* **Input material**:
════════════════════

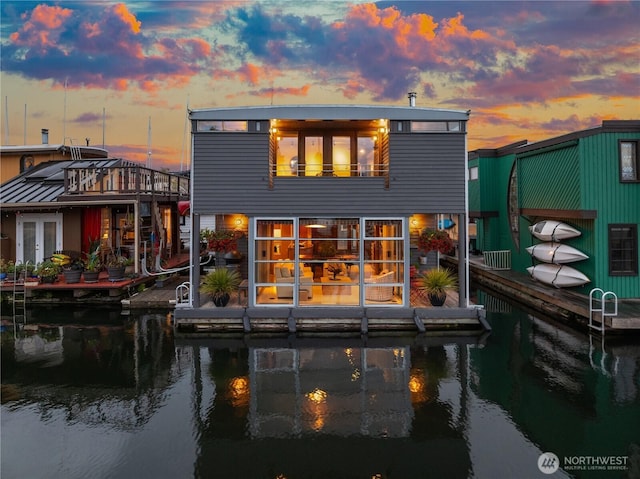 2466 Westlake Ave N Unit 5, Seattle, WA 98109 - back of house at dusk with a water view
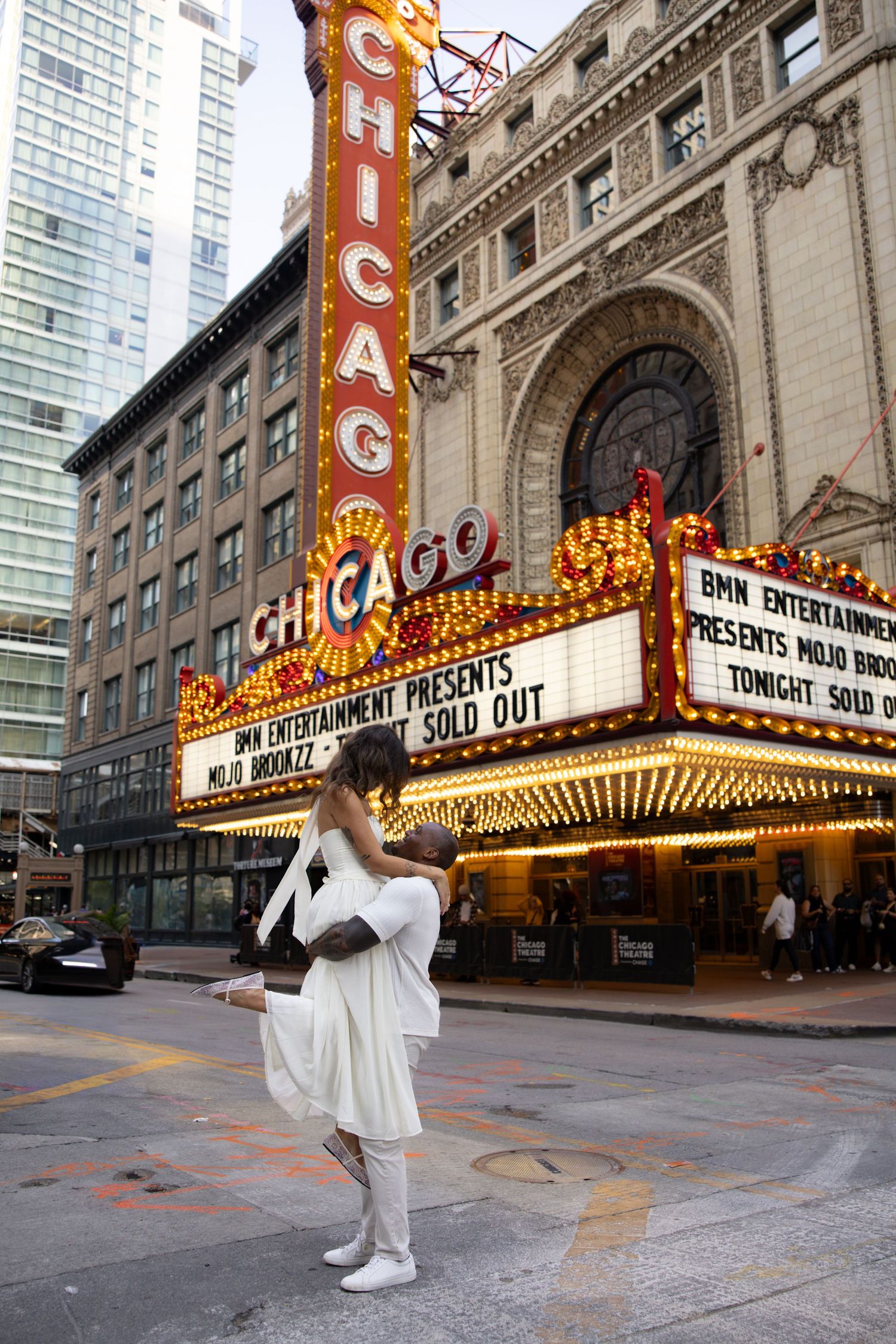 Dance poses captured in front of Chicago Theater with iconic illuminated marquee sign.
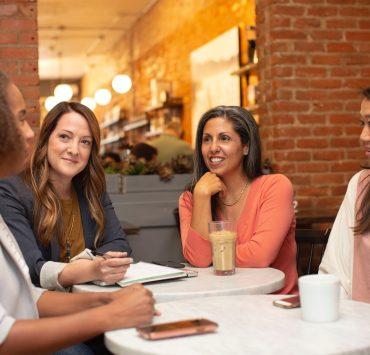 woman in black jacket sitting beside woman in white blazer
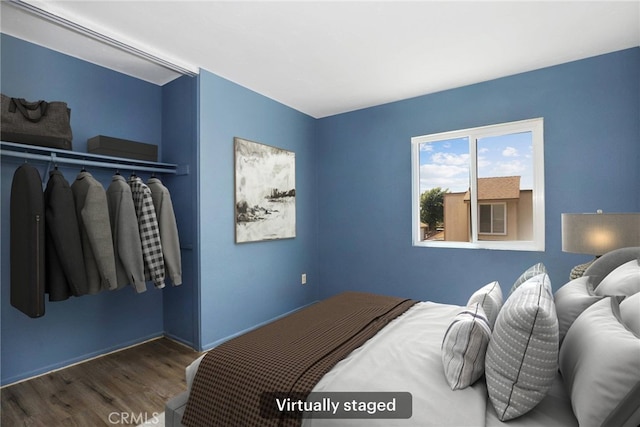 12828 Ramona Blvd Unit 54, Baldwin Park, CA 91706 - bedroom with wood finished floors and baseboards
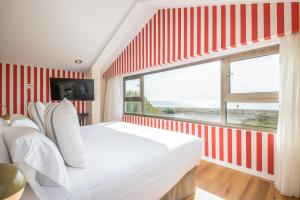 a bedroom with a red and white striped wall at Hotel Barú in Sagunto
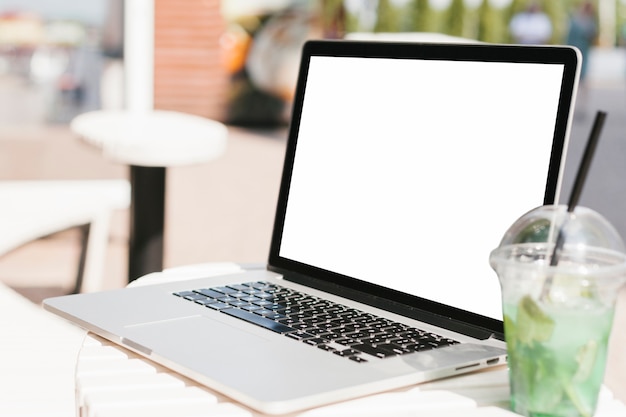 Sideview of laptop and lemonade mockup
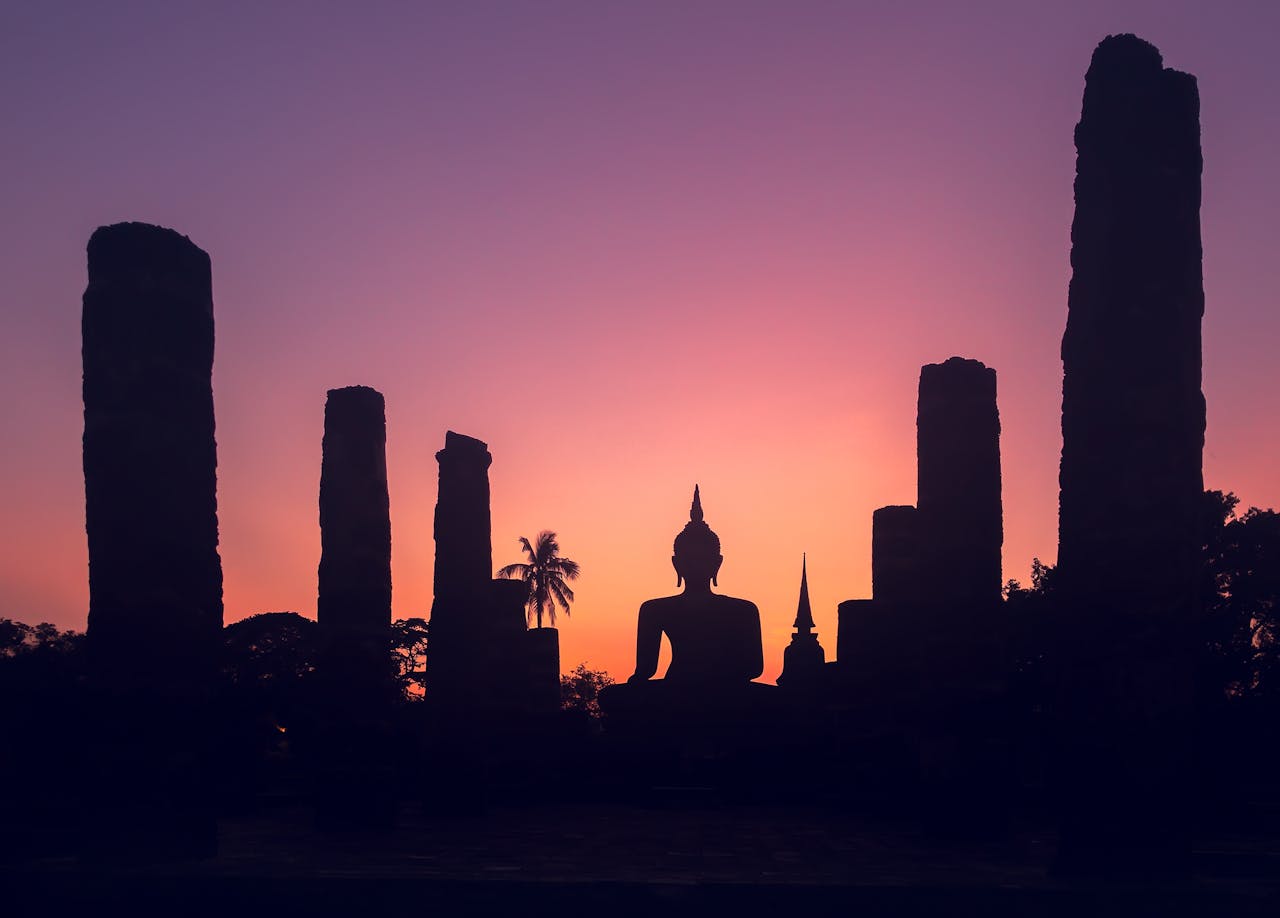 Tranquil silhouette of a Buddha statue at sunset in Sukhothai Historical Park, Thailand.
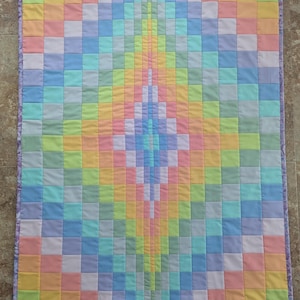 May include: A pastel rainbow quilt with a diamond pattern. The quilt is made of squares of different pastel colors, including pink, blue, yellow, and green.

════════════════════

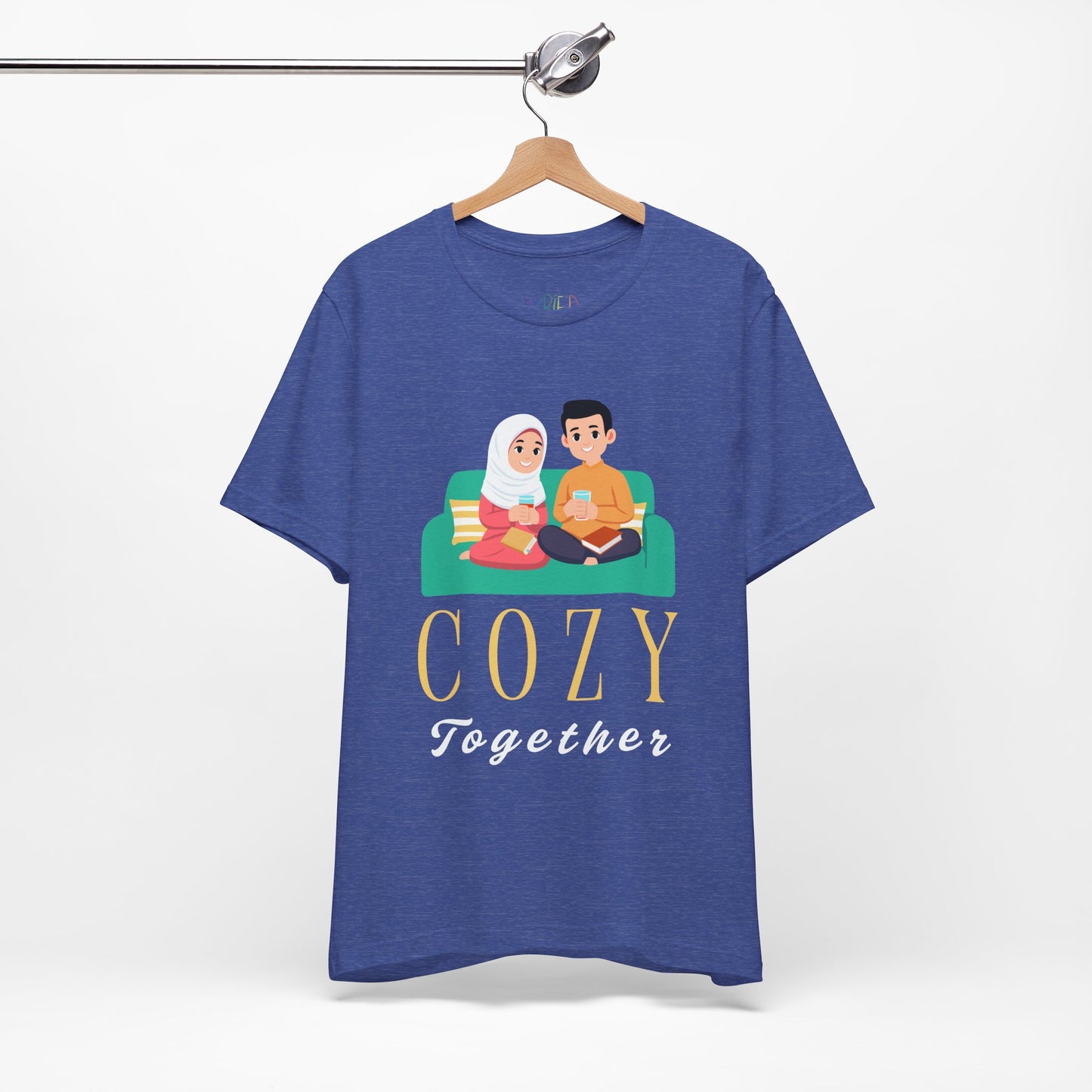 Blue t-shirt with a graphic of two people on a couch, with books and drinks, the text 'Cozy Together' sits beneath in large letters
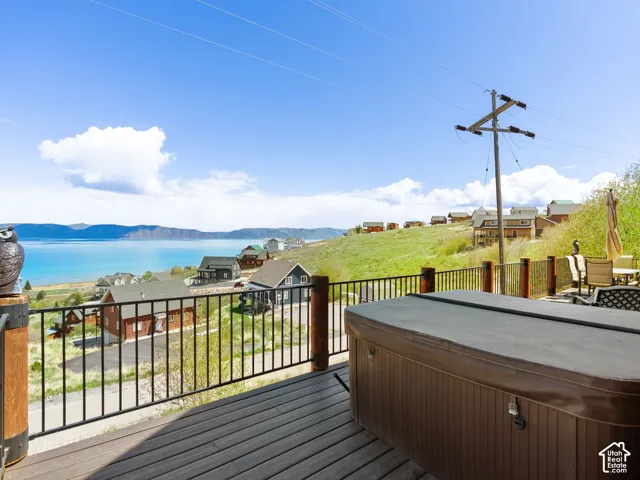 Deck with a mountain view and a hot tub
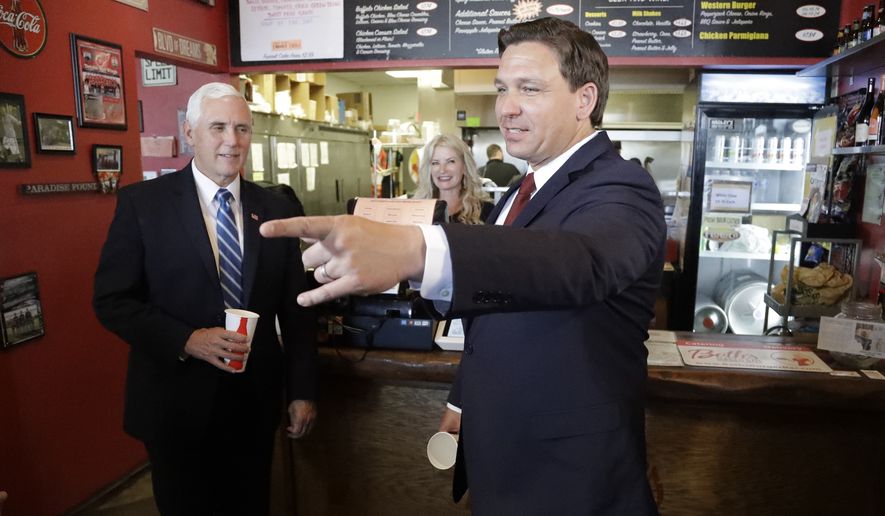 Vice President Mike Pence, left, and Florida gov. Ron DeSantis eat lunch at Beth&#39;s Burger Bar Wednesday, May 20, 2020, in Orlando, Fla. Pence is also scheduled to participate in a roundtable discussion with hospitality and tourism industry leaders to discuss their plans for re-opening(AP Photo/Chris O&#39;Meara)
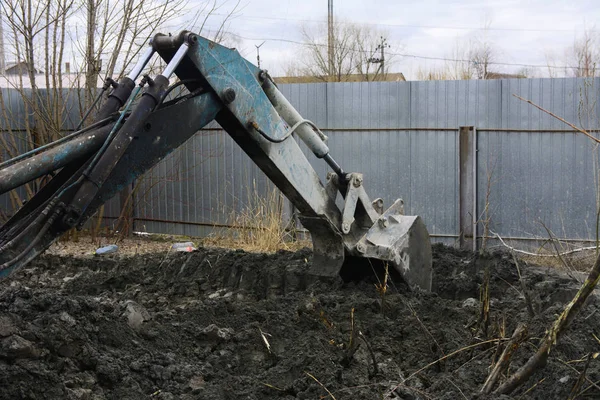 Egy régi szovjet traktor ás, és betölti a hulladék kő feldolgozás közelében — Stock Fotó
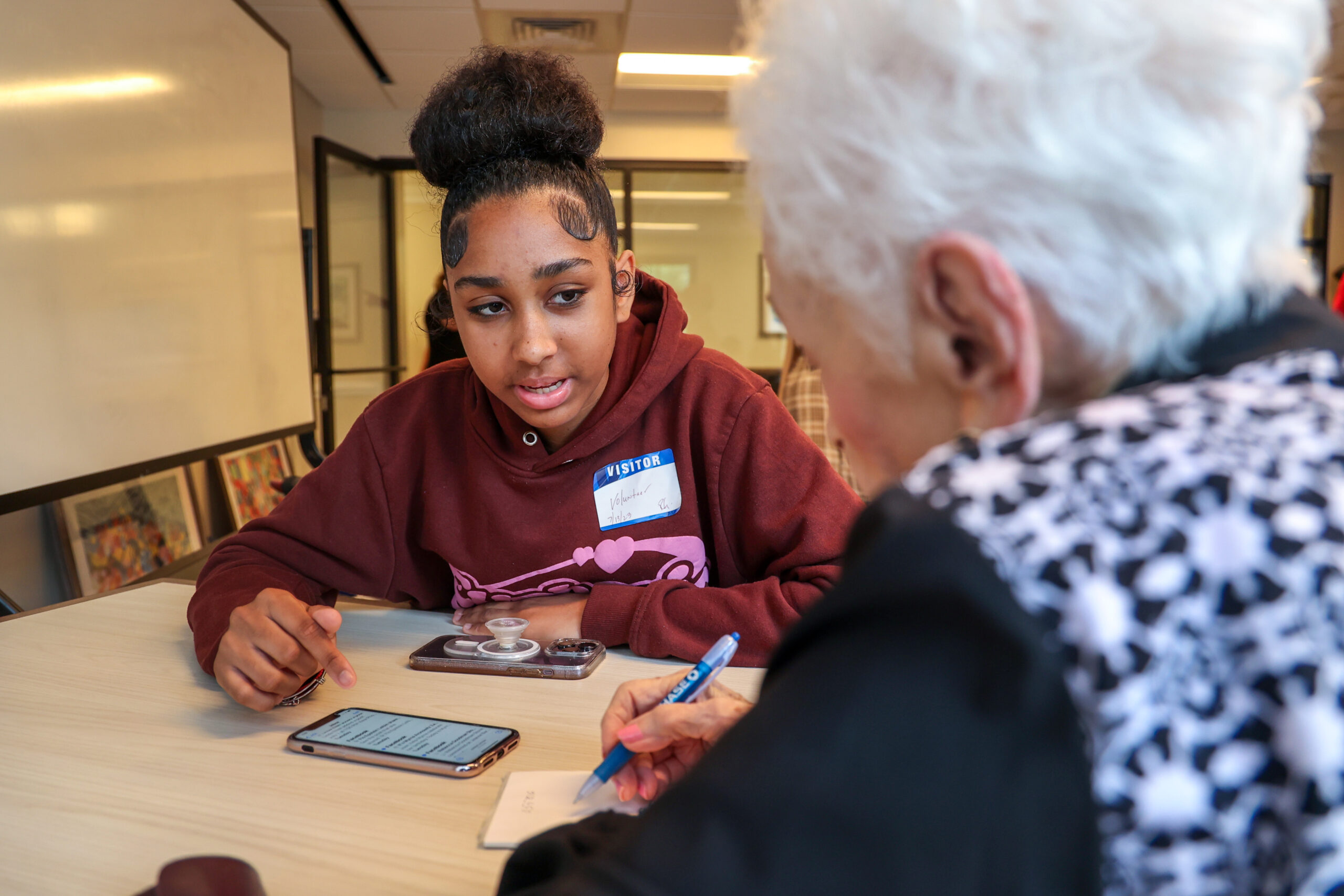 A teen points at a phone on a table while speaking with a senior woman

════════════════════

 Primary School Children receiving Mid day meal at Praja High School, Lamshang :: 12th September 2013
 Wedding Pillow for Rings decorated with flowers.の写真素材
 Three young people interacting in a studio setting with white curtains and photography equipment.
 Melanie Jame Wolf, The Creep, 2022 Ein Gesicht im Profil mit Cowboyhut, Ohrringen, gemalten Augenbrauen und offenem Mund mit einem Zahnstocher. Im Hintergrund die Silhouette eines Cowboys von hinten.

════════════════════

* **What to produce**:
Look above for the line with "2466 Westlake Ave" and the line with "May include: A", then copy them and all lines in between exactly as written, and only those, without any pictures.

* **Task solution**:
 2466 Westlake Ave N Unit 5, Seattle, WA 98109 - back of house at dusk with a water view
 Dance poses captured in front of Chicago Theater with iconic illuminated marquee sign.
 woman in black jacket sitting beside woman in white blazer
 12828 Ramona Blvd Unit 54, Baldwin Park, CA 91706 - bedroom with wood finished floors and baseboards
 a bedroom with a red and white striped wall at Hotel Barú in Sagunto
 Sideview of laptop and lemonade mockup
 Tranquil silhouette of a Buddha statue at sunset in Sukhothai Historical Park, Thailand.
 May include: A pastel rainbow quilt with a diamond pattern. The quilt is made of squares of different pastel colors, including pink, blue, yellow, and green.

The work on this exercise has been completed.